Taking that as my context, I maintain that your “general” data
stream only has theoretical existence. All meaningful data streams
have structure. There are standard forms of mathematical pattern
search like finding repetition, using Fourier analysis, even
fractal analysis, but these cannot hope to find all possible
patterns - they can only find the kinds of structure they look
for. At some point, those structure types that are coded into the
de/compressors are encodings of human interpretations, not intrinsic
realities. The encoding of the human interpretation is “fair”, even
the extreme one in your URL example.
I find this a very fascinating subject. I think ultimately it will
turn out to be very important, not just for compressing data, but for
understanding physics too.
I agree, though I hadn’t thought of the physics linkup. I think
that the very structure and nature of knowledge itself is hidden
here somewhere.

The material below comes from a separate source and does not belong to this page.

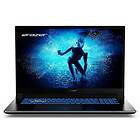 Medion Defender P50i MD62643 17.3" i7-12650H 16GB RAM 1To SSD RTX 4060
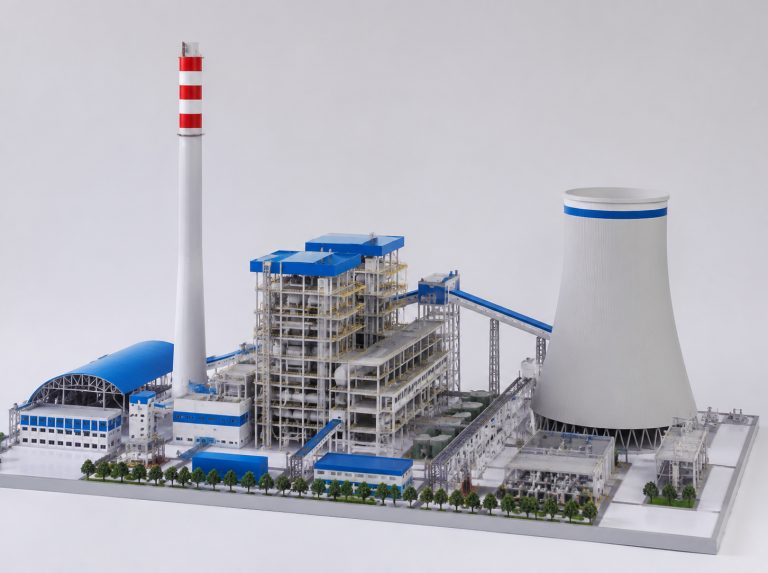 湘西土家族苗族自治州1000MW火电机组仿真模型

So’s most of our non-conscious learning too, like
learning to walk… though the compression of patterns of movement
in our cerebellum requires an approach to using the time domain
in a way I haven’t seen a machine implement.
It is interesting to consider that all conceivable data can be
found somewhere in any transcendental number.
Since a transcendental number is just an infinite stream of digits,
there exist an infinite number of them that can encode any given
infinite stream of information. I don’t know how deep that insight
really is though.
You might think, that
being the case, an excellent compression algorithm would be to find
the starting digit, say in Pi, for the data one is seeking. But
curiously it would do you know good. On average the number for the
starting digit would be just as long as the data itself.
Good one! I’m sure there’s some deep theoretical studies behind
that.
But I digress, if you think you are so sure about what you are saying,
and that I am completely off-base,
Now that you’ve explained yourself more clearly, I don’t
think you’re off-base at all.
I believe what they are trying to do is essentially impossible.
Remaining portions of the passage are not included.